The application was complete on or about 15 December, 2011 yet Defendants failed to process the application. During the pendency of the application Ms. Wood told Intervenor to keep the emails coming because her department was trying to substantiate the problem so that they could get help correcting it.
On January 23, 2012: Betty King info.
I know I am blowing up your email, sorry. I also know you've got about a billion other things on your plate as well.
On January 18, 2012: Any word yet on Betty King app?
On 16 Dec. 212 Diane Wood sent a confirmatory email regarding the last document, i.e. the Divorce Decree:
The package will expire on Sunday January 15, 2012 at 08:22:55 EST5.
On 15 December Intervenor provided the last necessary document -- the divorce decree:
On 14 Nov. 2011 Intervenor wrote: Betty King updates -- final docs for Title XIX
1. Foreclosure: I found the Sheriff sale proof online and it is attached. Please confirm you can open and read it.
2. U.S. Bank: The package was sent and is at my apartment awaiting my return on Wed night or TH morning -- I will overnight to you.
3. Divorce Decree My father is going to fax to me shortly and I will scan and send in the next 48 hours. 4. W-1SA: Calling you now I need to find this document and send it to you. Will call you again to find it. That should complete everything. Again Diane thank you for your help. Sincerely,
On 22. Nov. Intervenor wrote: The Application. Note that this email contained the W-1.

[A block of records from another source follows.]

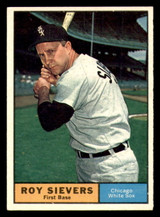 1961 Topps #470 Roy Sievers Excellent  ID: 391250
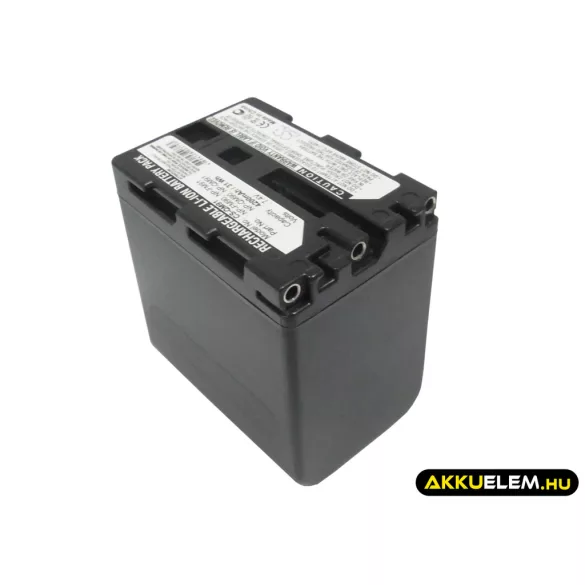 Utángyártott Sony Kamera Li-ion akkumulátor 7.4V 4200mAh NP-FM90, NP-FM91, NP-QM90 NP-FM90, NP-FM91 - CameronSino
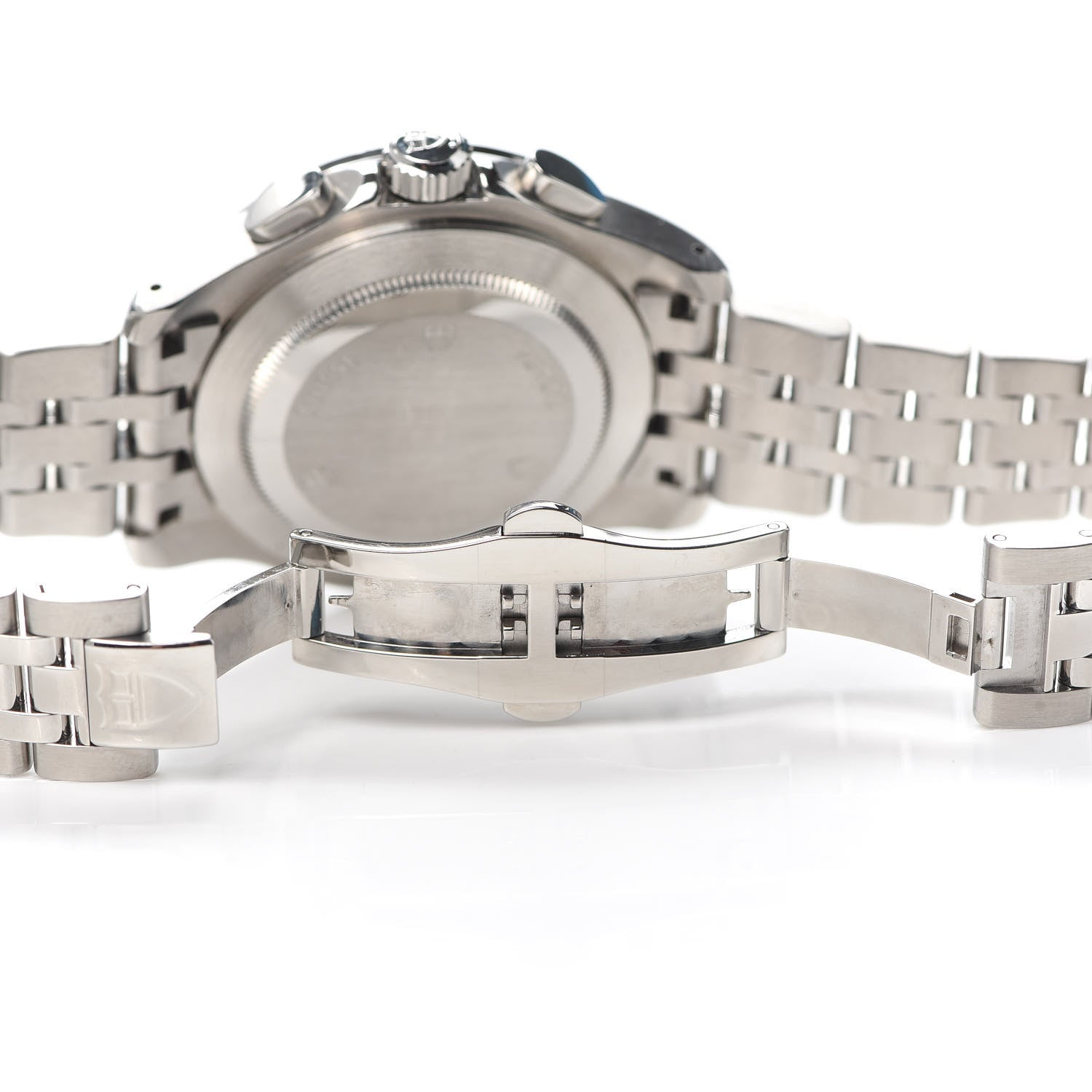 TUDOR Stainless Steel 41mm Chronoautic Automatic Watch Black 79380P 5 of 6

That is why on 20 Jan, 2012 Intervenor wrote Diane Wood:
Hi Diane, I was just looking at the submission.... is there anything more that we could do. I'm stressing. Thanks and have a great weekend.
Intervenor's sister wrote on the same day: Thanks Chris, good follow up. We are both concerned about the process and outcome. Thanks for your attention to this matter.
27 August: Hello Ms. Wood, We are all concerned about our mother and this process. Do you have any more news or information for us? Thank you in advance. Sincerely,
From Intervenor's sister: Thanks for the note Chris. Ms Wood as Chris stated we are concerned and I do not understand why this had not been resolved. We would like a full accounting of the procedures and the plans to get this approved or what has to be done to escalate it. At this stage we can no longer continue waiting.
As such, Defendant's first Defense is clearly without merit and this Court must issue a stern rebuke to Defendants via the immediate imposition of sanctions.
II. Defendant's Second Defense Regarding Commonality of Actions is Clearly Without Merit.
Intervenor submits that this purported defense is almost as lame as the first one because it is in effect a restatement of the first one. This litigation involves failure to timely process a Title XIX application. The application was 100% complete on 15 December, 2011 and Defendants are attempting to obfuscate this issue with an Affidavit by a person with no first hand knowledge of the communications. That Affidavit must be summarily stricken from the Record and Intervenor must be granted approved status immediately.
Further, should the Court have any doubts or questions whatsoever, Intervenor will appear Under Oath at a proper evidentiary hearing. Perhaps Defendants will bring Ms. Wood to such a hearing, instead of some would-be intervenor with no first hand knowledge of the facts.